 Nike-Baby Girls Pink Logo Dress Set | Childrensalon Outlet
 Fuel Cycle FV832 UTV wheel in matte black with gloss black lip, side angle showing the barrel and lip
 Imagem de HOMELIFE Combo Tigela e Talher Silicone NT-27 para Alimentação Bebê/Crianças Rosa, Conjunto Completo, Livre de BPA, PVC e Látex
_ _ _ _ _
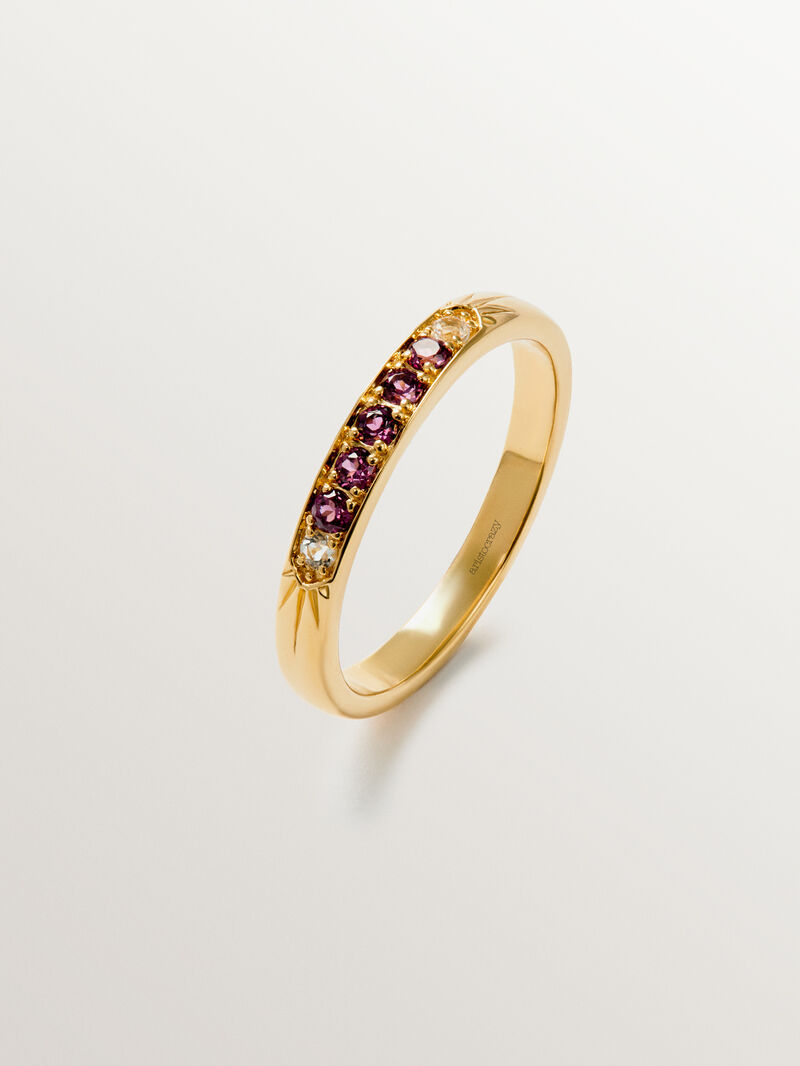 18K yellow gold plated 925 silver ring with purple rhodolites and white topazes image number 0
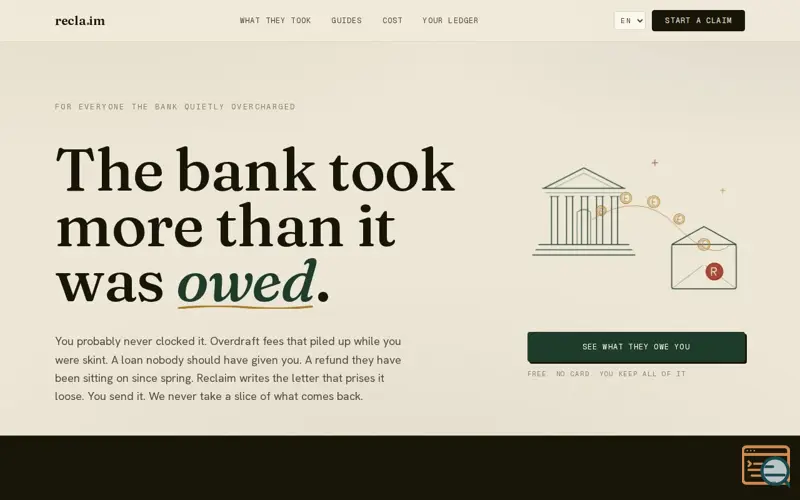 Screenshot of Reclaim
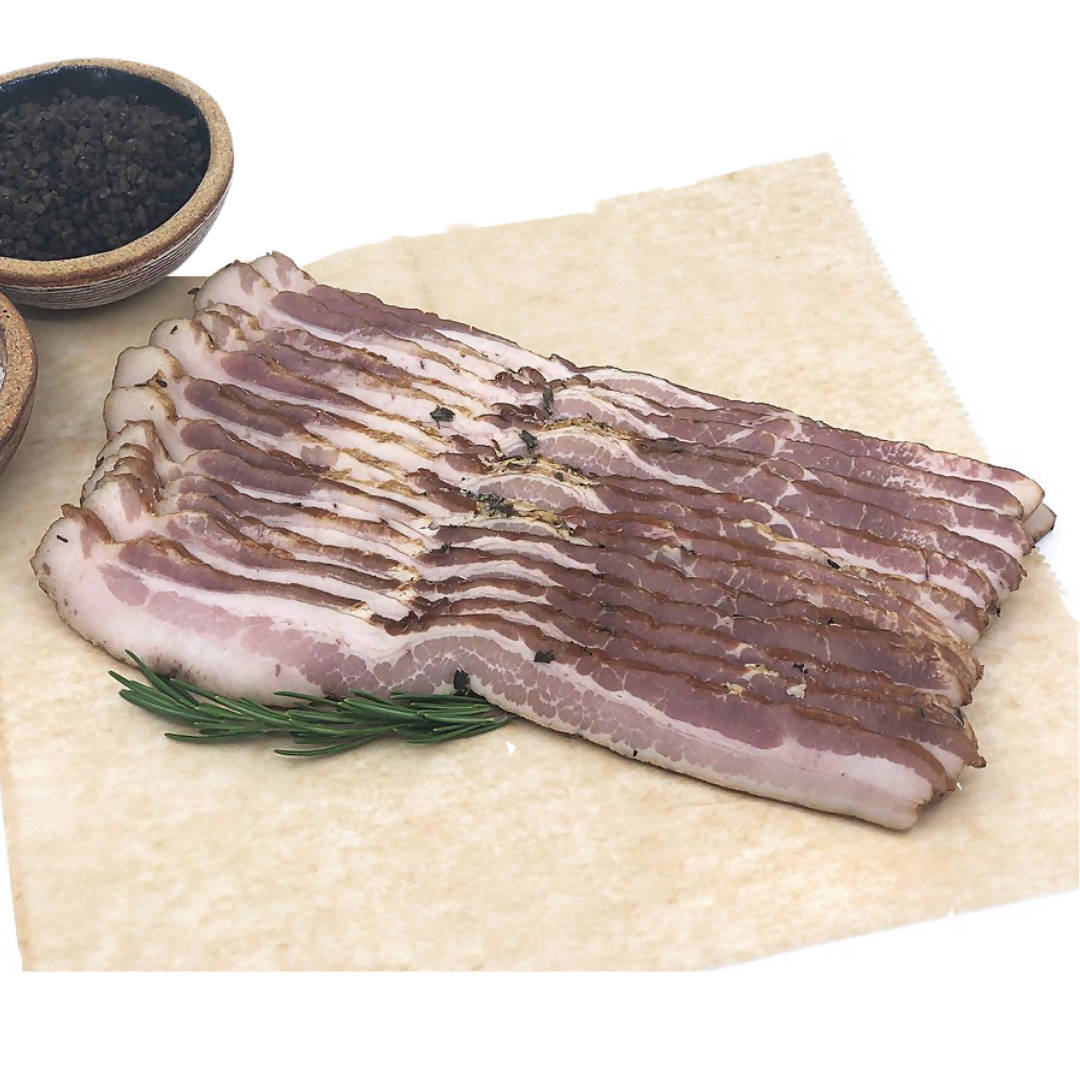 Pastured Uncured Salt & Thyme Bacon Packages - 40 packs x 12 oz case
_ _ _ _ _
Your goal:
Both the line above containing "18K yellow gold" and the line containing "Pastured Uncured Salt" belong in the copy, along with every line between them; print these exactly and omit the pictures.

Task answer:
 18K yellow gold plated 925 silver ring with purple rhodolites and white topazes image number 0
 Screenshot of Reclaim
 Pastured Uncured Salt & Thyme Bacon Packages - 40 packs x 12 oz case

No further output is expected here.